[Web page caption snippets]

%%

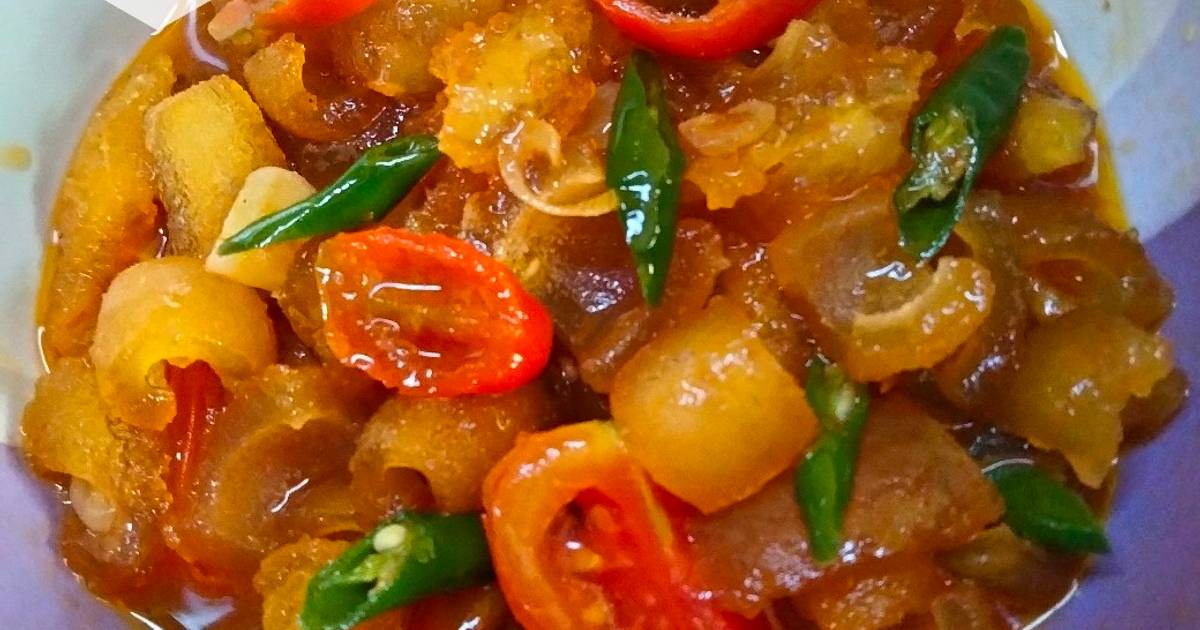 Resep Tumis Kikil Pedas Oleh Fepi Hidayati Cookpad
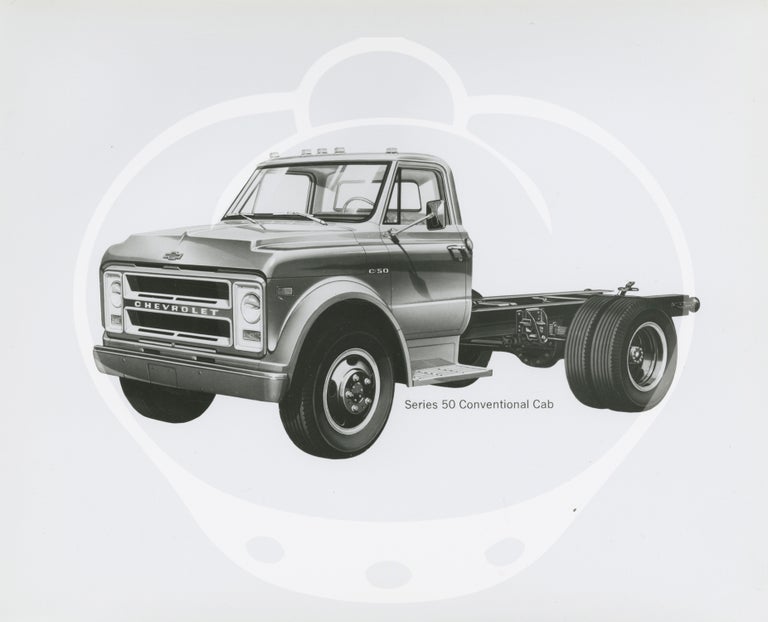 Archive of 48 original publicity photographs of the 1969 Chevrolet lineup of cars and trucks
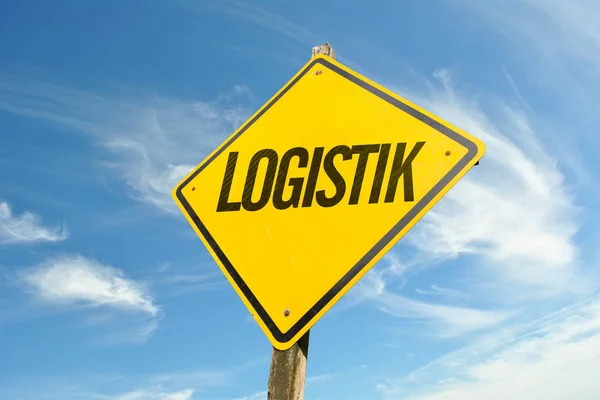 Logistica (in tedesco) su un'immagine concettuale — Foto Stock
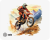 Коврик для мыши Cactus Motobike 250x200x3мм (CS-MP-D12S) Коврик для мыши Cactus Motobike 250x200x3мм (CS-MP-D12S)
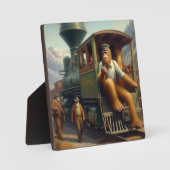 Plaque Photo Ingénieur de train Bigfoot (Recto)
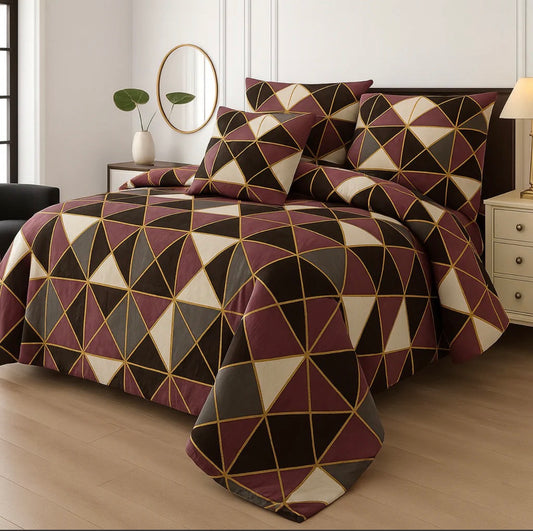 AURA KING COMFORTER SET 7 PCS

%%

*Exercise prompt*: Without the pictures, transcribe the lines from the one containing "Logistica (in tedesco)" through the end of the data, exactly and only those.

*Solution for this exercise*:
 Logistica (in tedesco) su un'immagine concettuale — Foto Stock
 Коврик для мыши Cactus Motobike 250x200x3мм (CS-MP-D12S) Коврик для мыши Cactus Motobike 250x200x3мм (CS-MP-D12S)
 Plaque Photo Ingénieur de train Bigfoot (Recto)
 AURA KING COMFORTER SET 7 PCS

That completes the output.